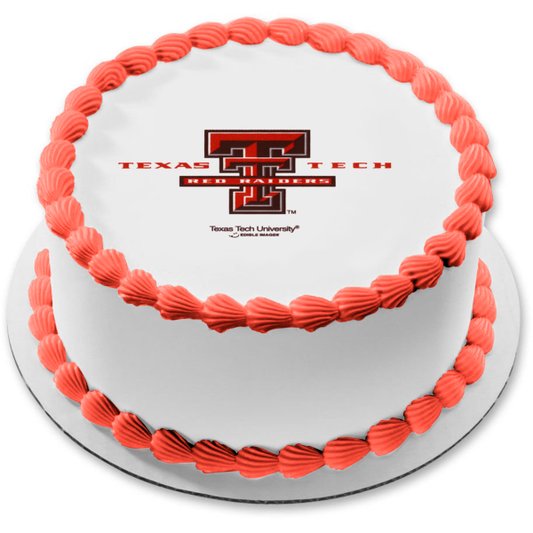Texas Tech University Red Raiders Logo Edible Cake Topper Image ABPID05053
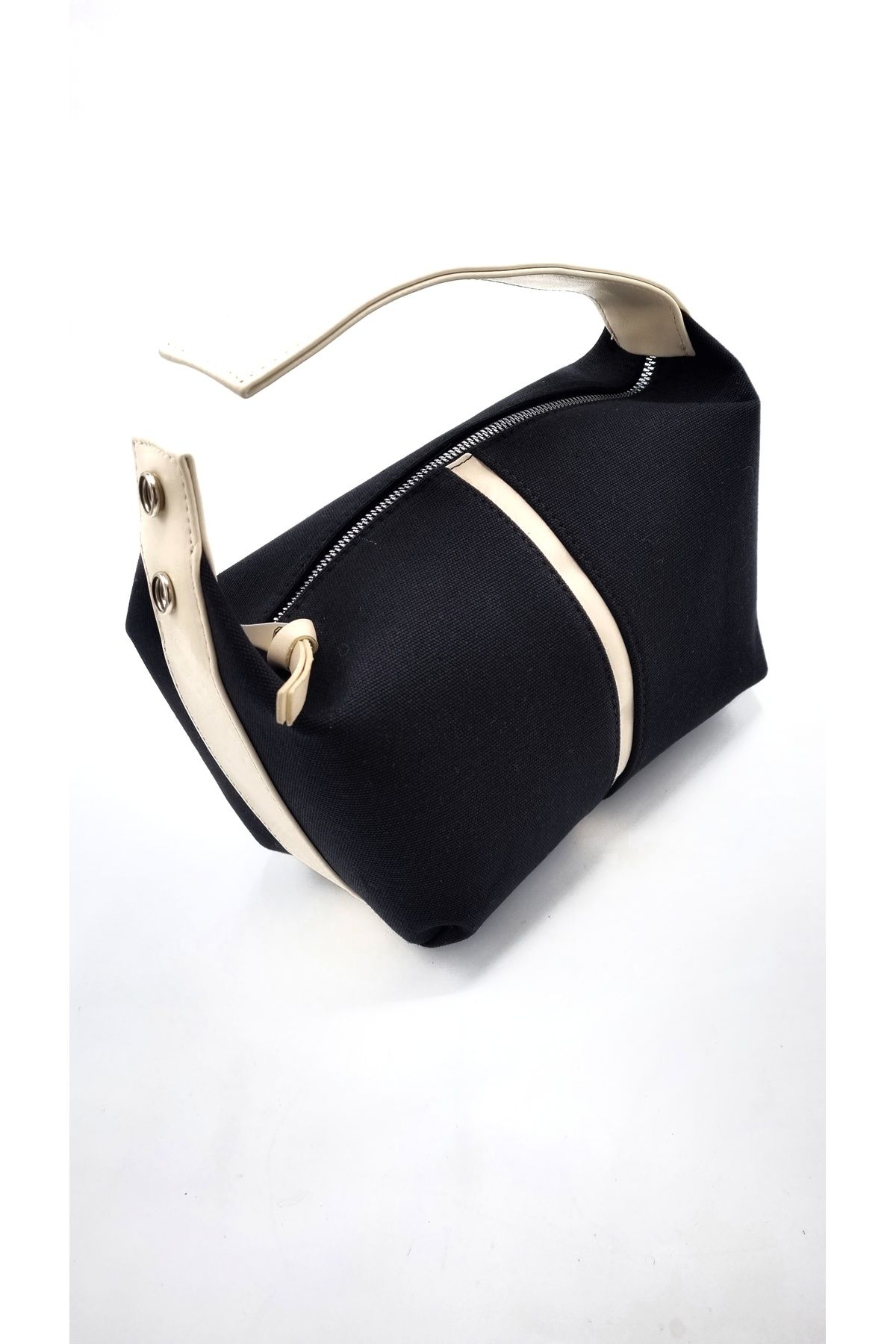 Black cream top clutch bag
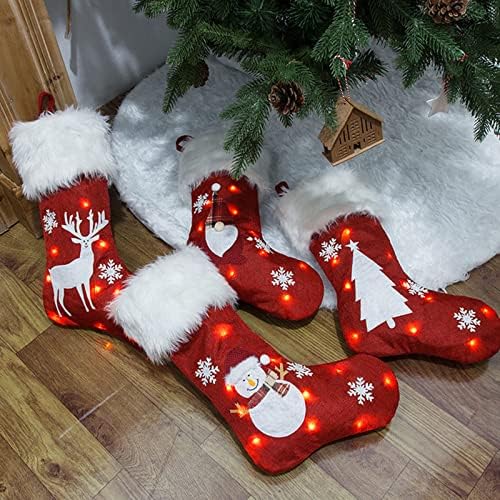 Meias de Natal Saco de meias de Natal e meias suspensas de Natal para decoração de festa e desenho animado de Natal Red Set emoldurado Janela de vitral
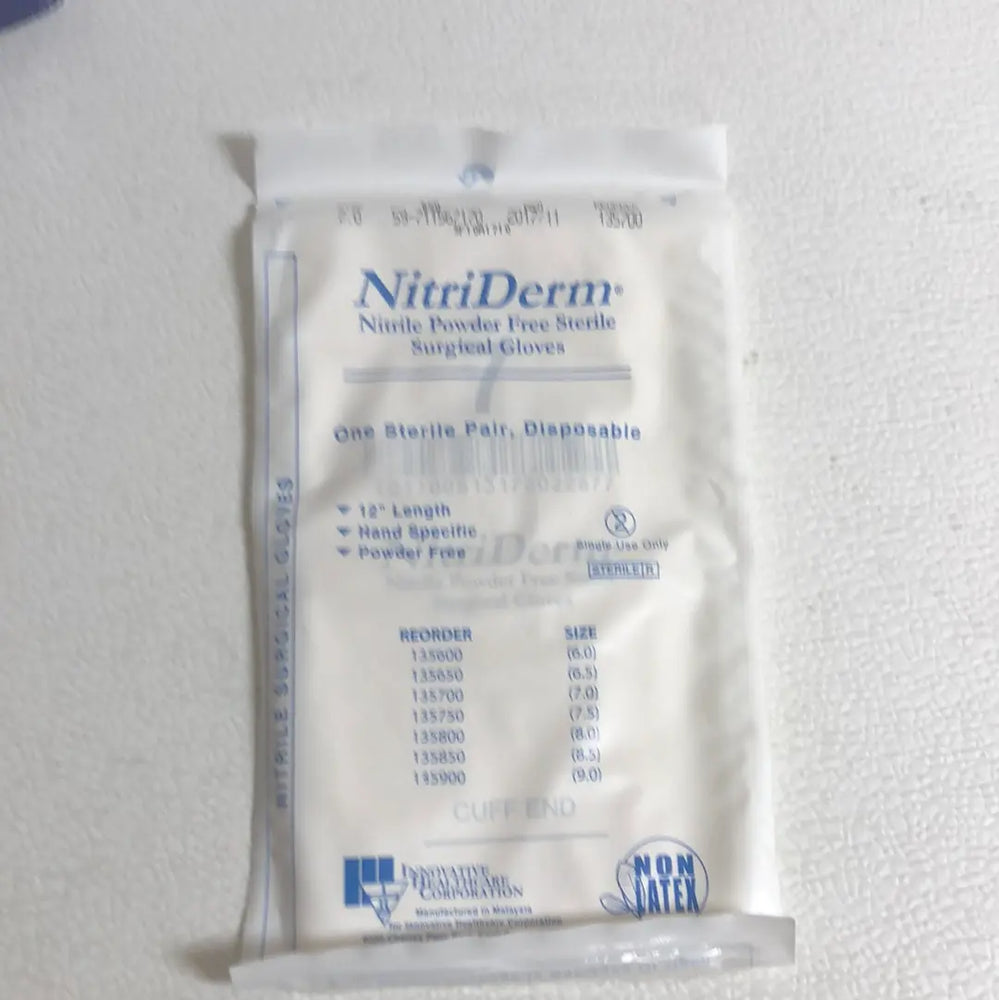 
                  
                    NitriDerm Nitrile Powder Free Sterile Surgical Gloves 7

_TASK BRIEF_. Exactly as written, repeat the lines of the material above from the first through the line holding "Meias de Natal Saco", with both ends in the copy and no pictures.

_TASK SOLUTION_.
Texas Tech University Red Raiders Logo Edible Cake Topper Image ABPID05053
 Black cream top clutch bag
 Meias de Natal Saco de meias de Natal e meias suspensas de Natal para decoração de festa e desenho animado de Natal Red Set emoldurado Janela de vitral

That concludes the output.